● What is expected: Only the lines below starting at the one containing "Maillot à manches" and ending at the one containing "Personalised Cricket Batsmanl" belong in the answer, each copied exactly.

● Data for this exercise:
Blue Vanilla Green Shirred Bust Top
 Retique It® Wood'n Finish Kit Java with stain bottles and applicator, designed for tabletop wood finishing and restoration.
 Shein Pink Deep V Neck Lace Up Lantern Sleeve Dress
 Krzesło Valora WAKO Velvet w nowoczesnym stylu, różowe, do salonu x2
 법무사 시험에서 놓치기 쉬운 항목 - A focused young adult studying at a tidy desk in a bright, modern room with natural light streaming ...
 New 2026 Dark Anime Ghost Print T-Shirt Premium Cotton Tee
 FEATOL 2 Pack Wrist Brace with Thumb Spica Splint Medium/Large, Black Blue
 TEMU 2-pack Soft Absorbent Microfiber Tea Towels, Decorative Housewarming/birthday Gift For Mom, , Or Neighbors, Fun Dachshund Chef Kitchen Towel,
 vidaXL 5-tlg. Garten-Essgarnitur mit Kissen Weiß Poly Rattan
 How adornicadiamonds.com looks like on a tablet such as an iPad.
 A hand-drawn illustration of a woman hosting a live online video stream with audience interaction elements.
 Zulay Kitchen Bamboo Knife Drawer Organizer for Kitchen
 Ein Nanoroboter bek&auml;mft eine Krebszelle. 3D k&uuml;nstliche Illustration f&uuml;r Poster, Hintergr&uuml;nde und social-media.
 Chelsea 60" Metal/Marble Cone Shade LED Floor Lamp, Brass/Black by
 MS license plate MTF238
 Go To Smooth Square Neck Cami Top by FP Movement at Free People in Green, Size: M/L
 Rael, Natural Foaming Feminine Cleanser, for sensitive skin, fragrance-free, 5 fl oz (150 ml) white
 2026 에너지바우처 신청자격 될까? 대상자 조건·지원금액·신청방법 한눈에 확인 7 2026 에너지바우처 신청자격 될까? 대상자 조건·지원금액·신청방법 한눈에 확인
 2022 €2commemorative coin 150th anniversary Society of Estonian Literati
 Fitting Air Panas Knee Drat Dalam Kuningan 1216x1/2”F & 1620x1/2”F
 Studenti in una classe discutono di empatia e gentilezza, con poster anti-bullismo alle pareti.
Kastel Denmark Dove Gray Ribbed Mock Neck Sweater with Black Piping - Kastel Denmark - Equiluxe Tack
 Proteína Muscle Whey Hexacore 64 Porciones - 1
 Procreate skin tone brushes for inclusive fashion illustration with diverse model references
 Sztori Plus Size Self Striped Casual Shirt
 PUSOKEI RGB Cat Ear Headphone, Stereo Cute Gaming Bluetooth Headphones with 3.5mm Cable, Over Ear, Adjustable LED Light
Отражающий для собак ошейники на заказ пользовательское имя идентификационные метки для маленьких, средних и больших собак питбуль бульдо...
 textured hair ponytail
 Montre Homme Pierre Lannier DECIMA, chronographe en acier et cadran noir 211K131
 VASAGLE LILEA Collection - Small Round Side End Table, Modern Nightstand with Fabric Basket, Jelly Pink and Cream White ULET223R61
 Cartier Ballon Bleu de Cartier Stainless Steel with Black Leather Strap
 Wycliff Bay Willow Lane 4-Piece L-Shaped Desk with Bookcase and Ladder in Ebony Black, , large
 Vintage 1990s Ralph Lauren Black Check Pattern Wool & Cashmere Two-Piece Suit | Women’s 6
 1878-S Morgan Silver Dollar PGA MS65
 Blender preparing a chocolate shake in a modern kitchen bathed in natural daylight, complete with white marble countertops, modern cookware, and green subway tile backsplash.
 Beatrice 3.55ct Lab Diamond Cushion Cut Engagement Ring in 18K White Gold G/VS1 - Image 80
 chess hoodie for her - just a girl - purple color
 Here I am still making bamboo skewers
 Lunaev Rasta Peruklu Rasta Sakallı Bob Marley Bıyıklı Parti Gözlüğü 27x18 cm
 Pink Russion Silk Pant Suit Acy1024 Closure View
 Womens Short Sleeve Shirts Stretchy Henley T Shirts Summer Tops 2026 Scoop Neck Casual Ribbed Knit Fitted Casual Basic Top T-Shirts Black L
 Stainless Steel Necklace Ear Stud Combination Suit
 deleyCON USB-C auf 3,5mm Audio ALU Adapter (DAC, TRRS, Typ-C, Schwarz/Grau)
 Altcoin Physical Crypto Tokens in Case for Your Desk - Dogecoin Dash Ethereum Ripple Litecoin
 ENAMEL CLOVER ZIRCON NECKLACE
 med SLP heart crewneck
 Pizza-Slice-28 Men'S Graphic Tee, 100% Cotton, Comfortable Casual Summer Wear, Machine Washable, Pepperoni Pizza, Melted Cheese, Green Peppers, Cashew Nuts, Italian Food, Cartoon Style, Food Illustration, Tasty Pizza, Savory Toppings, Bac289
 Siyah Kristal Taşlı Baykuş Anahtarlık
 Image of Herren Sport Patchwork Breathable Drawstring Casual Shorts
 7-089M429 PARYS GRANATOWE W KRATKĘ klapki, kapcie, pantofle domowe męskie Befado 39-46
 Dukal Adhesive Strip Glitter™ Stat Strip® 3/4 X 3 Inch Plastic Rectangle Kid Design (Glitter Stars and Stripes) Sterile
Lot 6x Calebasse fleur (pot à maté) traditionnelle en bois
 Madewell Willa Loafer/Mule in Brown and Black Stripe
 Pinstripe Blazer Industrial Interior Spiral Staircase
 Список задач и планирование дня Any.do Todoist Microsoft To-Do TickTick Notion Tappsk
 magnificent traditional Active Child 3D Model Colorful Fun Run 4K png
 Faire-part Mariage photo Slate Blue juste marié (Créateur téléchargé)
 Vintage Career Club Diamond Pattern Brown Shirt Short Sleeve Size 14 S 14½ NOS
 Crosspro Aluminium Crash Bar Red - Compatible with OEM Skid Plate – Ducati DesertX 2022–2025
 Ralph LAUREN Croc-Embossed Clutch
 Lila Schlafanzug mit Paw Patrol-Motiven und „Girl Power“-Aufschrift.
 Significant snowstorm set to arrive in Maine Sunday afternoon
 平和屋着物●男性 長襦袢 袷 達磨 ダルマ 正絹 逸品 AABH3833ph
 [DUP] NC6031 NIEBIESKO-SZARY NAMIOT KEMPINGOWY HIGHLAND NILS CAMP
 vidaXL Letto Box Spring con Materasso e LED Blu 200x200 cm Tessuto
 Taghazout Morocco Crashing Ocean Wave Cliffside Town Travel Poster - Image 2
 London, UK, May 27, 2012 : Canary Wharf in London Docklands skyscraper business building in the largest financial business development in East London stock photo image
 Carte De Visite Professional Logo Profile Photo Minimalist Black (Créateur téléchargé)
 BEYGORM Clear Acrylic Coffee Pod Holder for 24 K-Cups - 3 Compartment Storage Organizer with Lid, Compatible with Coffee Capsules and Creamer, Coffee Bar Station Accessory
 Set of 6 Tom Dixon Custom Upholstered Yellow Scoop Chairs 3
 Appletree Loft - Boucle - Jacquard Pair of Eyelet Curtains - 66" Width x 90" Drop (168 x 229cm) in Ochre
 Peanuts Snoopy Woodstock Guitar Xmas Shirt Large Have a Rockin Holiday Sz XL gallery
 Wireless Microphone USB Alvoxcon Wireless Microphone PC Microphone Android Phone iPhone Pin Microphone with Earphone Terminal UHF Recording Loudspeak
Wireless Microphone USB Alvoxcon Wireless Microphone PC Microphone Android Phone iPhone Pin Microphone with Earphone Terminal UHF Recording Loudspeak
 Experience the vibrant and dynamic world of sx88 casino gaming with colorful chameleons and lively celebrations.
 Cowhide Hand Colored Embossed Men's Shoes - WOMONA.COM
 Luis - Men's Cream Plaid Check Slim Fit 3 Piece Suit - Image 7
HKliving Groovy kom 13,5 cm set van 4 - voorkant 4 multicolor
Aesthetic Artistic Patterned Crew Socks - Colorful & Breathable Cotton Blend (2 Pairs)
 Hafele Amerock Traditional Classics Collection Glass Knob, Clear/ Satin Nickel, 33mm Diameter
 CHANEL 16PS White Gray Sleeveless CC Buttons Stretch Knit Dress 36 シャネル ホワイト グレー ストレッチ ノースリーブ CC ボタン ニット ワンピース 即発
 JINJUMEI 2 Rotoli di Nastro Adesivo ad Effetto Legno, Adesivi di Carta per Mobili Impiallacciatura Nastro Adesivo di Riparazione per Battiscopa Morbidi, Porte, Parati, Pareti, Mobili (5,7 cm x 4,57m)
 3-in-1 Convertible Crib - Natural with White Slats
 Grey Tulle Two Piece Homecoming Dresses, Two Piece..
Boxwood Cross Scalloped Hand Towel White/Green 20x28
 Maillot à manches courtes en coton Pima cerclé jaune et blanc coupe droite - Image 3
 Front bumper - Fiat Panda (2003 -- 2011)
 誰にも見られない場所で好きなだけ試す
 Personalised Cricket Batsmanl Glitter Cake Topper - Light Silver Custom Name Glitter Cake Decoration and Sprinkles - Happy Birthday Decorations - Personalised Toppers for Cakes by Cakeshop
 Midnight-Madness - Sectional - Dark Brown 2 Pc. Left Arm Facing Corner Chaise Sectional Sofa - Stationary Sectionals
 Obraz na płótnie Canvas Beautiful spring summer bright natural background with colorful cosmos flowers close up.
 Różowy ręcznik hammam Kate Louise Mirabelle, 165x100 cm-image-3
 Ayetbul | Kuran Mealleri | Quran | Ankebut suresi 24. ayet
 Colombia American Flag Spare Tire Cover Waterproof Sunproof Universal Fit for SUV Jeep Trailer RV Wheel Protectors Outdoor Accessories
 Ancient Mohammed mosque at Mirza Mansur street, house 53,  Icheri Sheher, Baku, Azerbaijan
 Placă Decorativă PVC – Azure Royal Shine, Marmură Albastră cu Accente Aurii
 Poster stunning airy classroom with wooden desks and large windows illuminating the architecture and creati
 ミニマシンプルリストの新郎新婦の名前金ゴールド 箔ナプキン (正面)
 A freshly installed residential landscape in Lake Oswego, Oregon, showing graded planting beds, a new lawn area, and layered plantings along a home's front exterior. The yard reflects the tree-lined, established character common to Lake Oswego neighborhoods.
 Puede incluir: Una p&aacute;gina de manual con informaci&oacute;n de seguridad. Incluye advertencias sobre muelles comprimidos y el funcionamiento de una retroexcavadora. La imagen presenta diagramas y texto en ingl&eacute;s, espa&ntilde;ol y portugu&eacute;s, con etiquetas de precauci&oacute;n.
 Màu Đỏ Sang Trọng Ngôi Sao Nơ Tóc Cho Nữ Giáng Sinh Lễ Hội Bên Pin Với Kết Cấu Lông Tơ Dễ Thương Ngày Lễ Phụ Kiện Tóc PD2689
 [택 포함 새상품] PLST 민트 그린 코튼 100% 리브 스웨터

● Answer to this task:
 Maillot à manches courtes en coton Pima cerclé jaune et blanc coupe droite - Image 3
 Front bumper - Fiat Panda (2003 -- 2011)
 誰にも見られない場所で好きなだけ試す
 Personalised Cricket Batsmanl Glitter Cake Topper - Light Silver Custom Name Glitter Cake Decoration and Sprinkles - Happy Birthday Decorations - Personalised Toppers for Cakes by Cakeshop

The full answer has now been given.